The two lines that matter are Events and Array State — and the move is to run --examine on every member and lay their numbers side by side. Here's the whole point, the thing it takes people years to learn: the Events count is a heartbeat. Every time the array updates its state — every write barrier, every member change — mdadm increments a counter and stamps it into every healthy member's superblock at once. So in a working array, all members carry the same Events count. The instant a disk drops out, its counter freezes while the survivors keep ticking up. The member with the highest Events count is the most current; a member that dropped early has a lower count and is stale. That single comparison is what separates the two endings of this page.

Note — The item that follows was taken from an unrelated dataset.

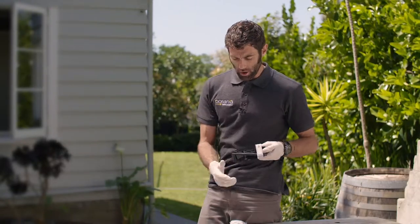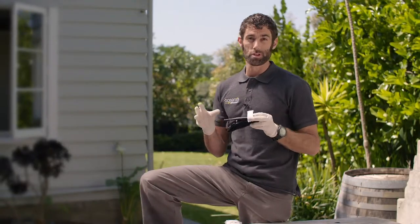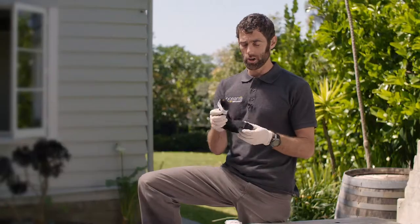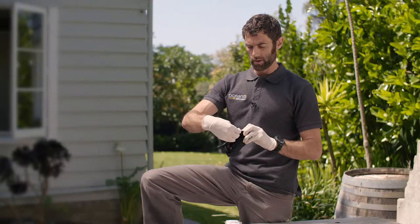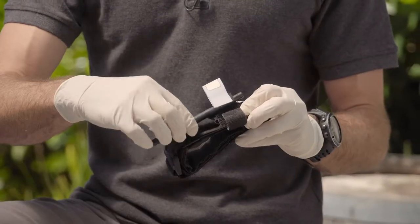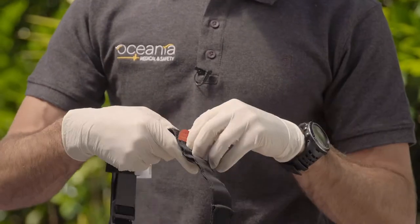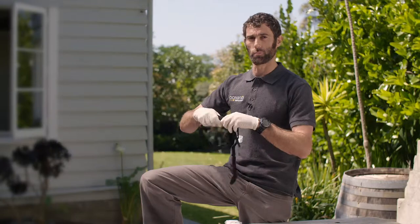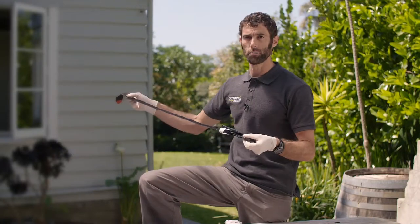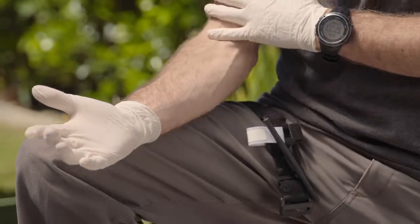When you open it out of its packet, we always say slow is smooth, smooth is fast — because there are a lot of intricate parts that can get tangled if you're not careful. Open it up, get the torsion bar ready so that you can tighten it. Extend it out as much as you need to, and with a real injury it's easiest if you completely undo it to put onto the casualty. With a limb — arm or leg — put it up high and put it on tight.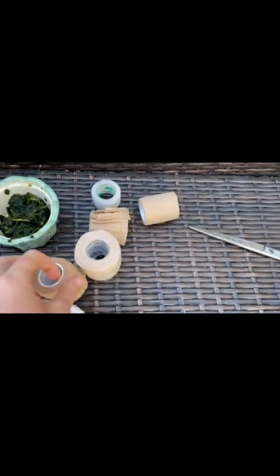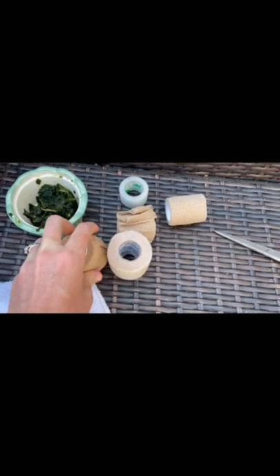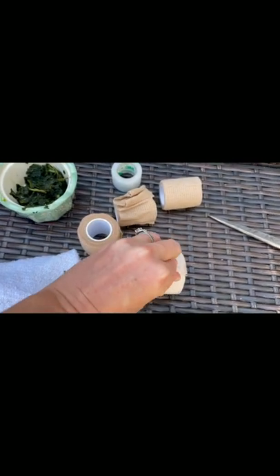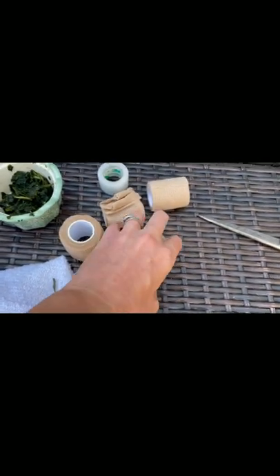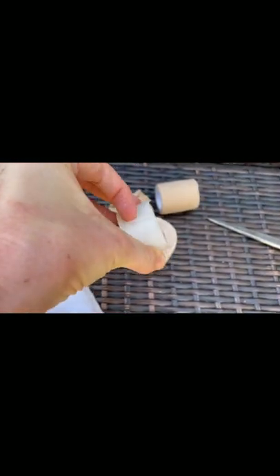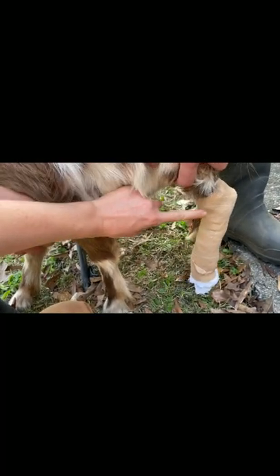I have some comfrey poultice and different types of tape. This one is the stretchy kind that sticks to itself. This one is more heavy-duty, really sticky but not as stretchy — kind of medical tape. And this is just your typical clear medical tape. So we've got the cloth and the bandage on.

Run it across all four and you might see something like this:

Member Device Role Events Update Time Reads as
/dev/sdb1 Active device 0 184237 Jun 5 04:18 Current
/dev/sdc1 Active device 1 184237 Jun 5 04:18 Current
/dev/sdd1 Active device 2 184201 Jun 5 04:11 7 minutes stale — dropped early
/dev/sde1 Active device 3 dead — superblock unreadable

Now you can read your situation, not guess it. Slots 0 and 1 are bang up to date. Slot 2 dropped a few minutes before the end — Events is only 36 behind, a tiny gap, which means its data is almost current. Slot 3 is genuinely gone: --examine errored or returned garbage, the disk is dead. Read the Array State field too — AA.. here says this member last saw slots 0 and 1 active and slots 2 and 3 missing, which corroborates the Events story.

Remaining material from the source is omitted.